US 12,106,749 B2
Speech recognition with sequence-to-sequence models
Rohit Prakash Prabhavalkar, Mountain View, CA (US); Zhifeng Chen, Sunnyvale, CA (US); Bo Li, Fremont, CA (US); Chung-cheng Chiu, Sunnyvale, CA (US); Kanury Kanishka Rao, Santa Clara, CA (US); Yonghui Wu, Fremont, CA (US); Ron J. Weiss, New York, NY (US); Navdeep Jaitly, Mountain View, CA (US); Michiel A. u.
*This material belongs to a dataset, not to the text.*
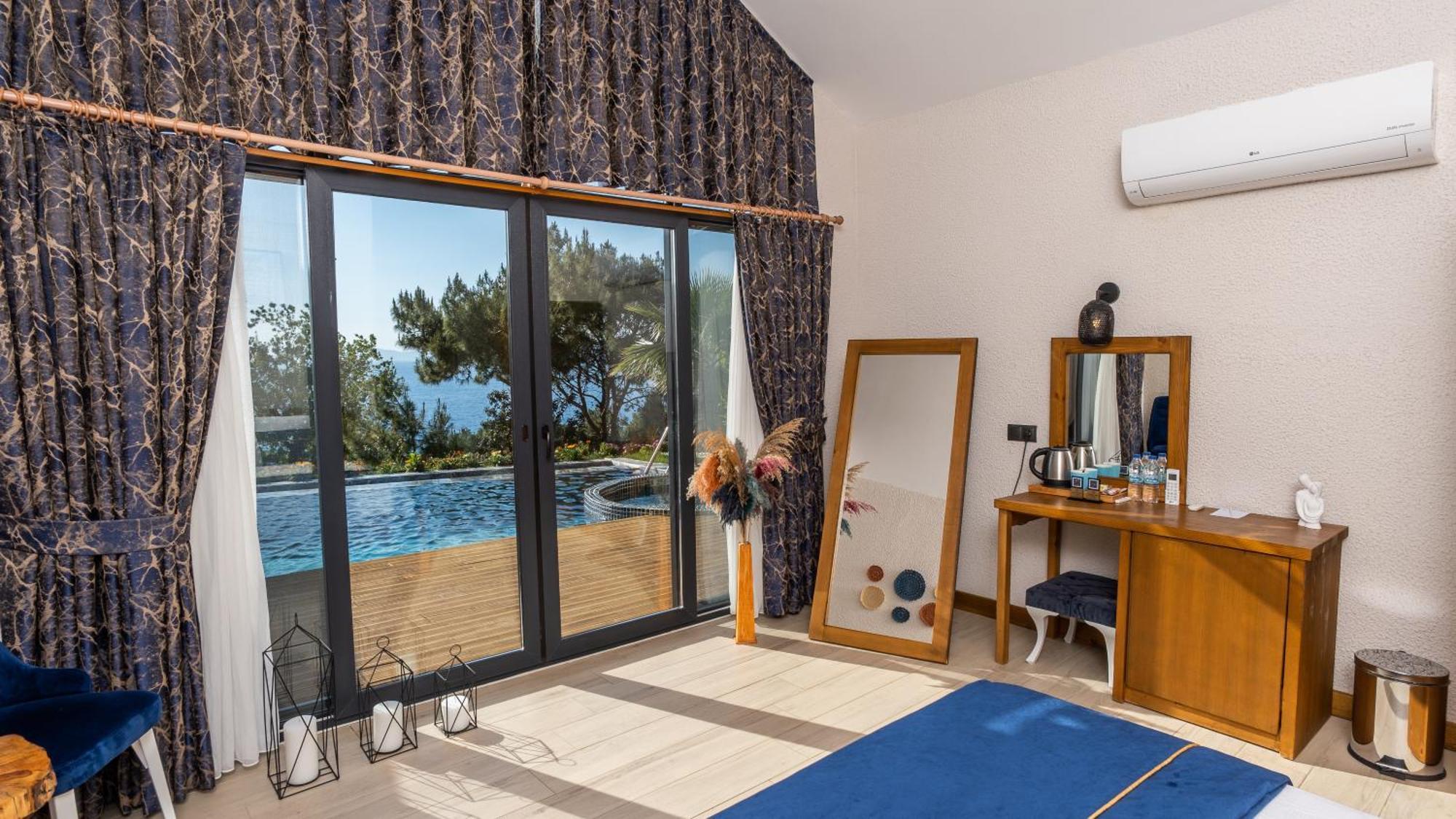 Vista Del Faralya Hotel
Bacchiani, Summit, NJ (US); Tara N. Sainath, Jersey City, NJ (US); Jan Kazimierz Chorowski, Poland (PL); Anjuli Patricia Kannan, Berkeley, CA (US); Ekaterina Gonina, Sunnyvale, CA (US); and Patrick An Phu Nguyen, Palo Alto, CA (US)
Assigned to Google LLC, Mountain View, CA (US)
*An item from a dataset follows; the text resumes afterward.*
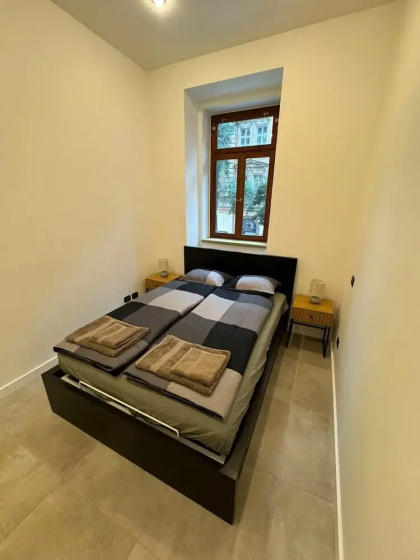 1 Bed Flat - Sleeps 2 - Pets - Smoking on Terrace — отель с удобным расположением в Праге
Filed by Google LLC, Mountain View, CA (US)
Filed on Sep. 20, 2021, as Appl. No. 17/448,119.
Application 17/448,119 is a continuation of application No. 16/516,390, filed on Jul. 19, 2019, granted, now 11,145,293.
Claims priority of provisional application 62/701,237, filed on Jul. 20, 2018.
Prior Publication US 2022/0005465 A1, Jan. 6, 2022
Int. Cl. G10L 15/00 (2013.01); G06N 3/08 (2023.01); G10L 15/02 (2006.01); G10L 15/06 (2013.01); G10L 15/16 (2006.01); G10L 15/22 (2006.01); G10L 25/30 (2013.01); G10L 15/26 (2006.01)
CPC G10L 15/16 (2013.01) [G06N 3/08 (2013.01); G10L 15/02 (2013.01); G10L 15/063 (2013.01); G10L 15/22 (2013.01); G10L 25/30 (2013.01); G10L 2015/025 (2013.01); G10L 15/26 (2013.01)] 20 Claims
OG exemplary drawing
 
11. A system comprising:
data processing hardware; and
memory hardware in communication with the data processing hardware and storing instructions that when executed on the data processing hardware causes the data processing hardware to perform operations comprising:
obtaining an n-best list of decoded speech recognition hypotheses for a training utterance;
training, using a loss function having a minimum word error rate (MWER) criterion, a recurrent neural network model by determining a word error rate expectation for the training utterance that is restricted to the n-best list of decoded speech recognition hypotheses for the training utterance; and
generating, using the trained recurrent neural network model, a transcription for audio data indicating acoustic characteristics of an utterance.